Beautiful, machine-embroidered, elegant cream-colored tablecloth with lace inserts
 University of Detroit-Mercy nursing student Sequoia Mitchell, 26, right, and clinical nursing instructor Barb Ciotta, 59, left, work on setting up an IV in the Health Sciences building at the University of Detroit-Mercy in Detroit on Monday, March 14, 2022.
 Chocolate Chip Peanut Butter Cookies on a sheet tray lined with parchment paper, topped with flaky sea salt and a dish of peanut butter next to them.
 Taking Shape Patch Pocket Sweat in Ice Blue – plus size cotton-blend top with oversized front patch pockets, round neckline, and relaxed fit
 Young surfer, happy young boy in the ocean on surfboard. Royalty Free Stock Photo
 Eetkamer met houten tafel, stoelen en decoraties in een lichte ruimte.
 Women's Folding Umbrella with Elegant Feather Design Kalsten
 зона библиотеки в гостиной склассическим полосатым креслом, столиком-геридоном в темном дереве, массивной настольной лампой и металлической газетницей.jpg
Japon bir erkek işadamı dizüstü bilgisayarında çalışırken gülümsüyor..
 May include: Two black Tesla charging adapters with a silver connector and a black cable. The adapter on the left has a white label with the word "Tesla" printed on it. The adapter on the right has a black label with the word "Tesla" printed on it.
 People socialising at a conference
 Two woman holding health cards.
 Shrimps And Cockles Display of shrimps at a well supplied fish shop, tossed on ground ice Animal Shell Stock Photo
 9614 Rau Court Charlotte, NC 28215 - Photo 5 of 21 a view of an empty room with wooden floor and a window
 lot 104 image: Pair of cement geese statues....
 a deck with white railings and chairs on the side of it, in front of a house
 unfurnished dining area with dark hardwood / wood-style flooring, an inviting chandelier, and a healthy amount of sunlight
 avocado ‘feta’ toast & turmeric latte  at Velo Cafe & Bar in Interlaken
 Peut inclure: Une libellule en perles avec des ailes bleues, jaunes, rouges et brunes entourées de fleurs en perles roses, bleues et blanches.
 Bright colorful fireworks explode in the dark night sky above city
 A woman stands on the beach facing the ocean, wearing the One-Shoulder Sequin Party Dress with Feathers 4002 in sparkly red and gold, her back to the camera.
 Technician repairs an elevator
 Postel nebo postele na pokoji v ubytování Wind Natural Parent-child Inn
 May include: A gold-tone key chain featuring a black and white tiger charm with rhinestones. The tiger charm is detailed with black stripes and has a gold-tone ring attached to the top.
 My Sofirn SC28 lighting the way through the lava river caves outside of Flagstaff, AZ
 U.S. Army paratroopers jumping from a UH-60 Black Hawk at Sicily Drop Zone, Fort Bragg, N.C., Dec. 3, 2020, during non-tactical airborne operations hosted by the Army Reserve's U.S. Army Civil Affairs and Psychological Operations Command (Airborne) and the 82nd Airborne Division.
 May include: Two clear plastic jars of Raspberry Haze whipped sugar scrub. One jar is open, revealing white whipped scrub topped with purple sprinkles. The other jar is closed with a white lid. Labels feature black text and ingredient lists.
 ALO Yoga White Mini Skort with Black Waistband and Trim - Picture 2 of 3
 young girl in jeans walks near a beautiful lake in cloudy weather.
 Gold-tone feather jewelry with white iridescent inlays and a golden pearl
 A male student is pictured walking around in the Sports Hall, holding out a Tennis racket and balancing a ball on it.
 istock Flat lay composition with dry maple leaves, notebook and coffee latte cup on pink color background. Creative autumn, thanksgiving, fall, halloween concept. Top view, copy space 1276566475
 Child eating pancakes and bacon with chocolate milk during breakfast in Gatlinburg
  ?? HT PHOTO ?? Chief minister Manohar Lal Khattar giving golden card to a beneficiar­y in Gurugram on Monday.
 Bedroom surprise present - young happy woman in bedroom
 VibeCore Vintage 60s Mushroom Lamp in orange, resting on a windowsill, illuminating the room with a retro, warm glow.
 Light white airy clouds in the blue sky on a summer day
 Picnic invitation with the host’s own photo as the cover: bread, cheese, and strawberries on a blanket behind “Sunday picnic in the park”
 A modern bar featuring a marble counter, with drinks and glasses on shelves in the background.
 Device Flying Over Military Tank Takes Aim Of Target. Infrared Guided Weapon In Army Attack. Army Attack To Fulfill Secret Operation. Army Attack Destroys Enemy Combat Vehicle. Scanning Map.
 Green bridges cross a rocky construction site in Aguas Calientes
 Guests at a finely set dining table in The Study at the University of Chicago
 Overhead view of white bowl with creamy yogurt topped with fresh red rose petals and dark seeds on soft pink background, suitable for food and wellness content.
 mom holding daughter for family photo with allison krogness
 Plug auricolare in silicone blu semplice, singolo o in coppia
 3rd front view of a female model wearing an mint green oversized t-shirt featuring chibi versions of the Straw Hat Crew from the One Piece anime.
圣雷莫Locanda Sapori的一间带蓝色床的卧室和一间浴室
◇ ◇ ◇
### Your instructions
Only one part of the material above is to be transcribed, namely the lines starting with the line that has "avocado ‘feta’ toast" and going on through the line that has "Bright colorful fireworks", exactly as they stand.

### Task response
 avocado ‘feta’ toast & turmeric latte  at Velo Cafe & Bar in Interlaken
 Peut inclure: Une libellule en perles avec des ailes bleues, jaunes, rouges et brunes entourées de fleurs en perles roses, bleues et blanches.
 Bright colorful fireworks explode in the dark night sky above city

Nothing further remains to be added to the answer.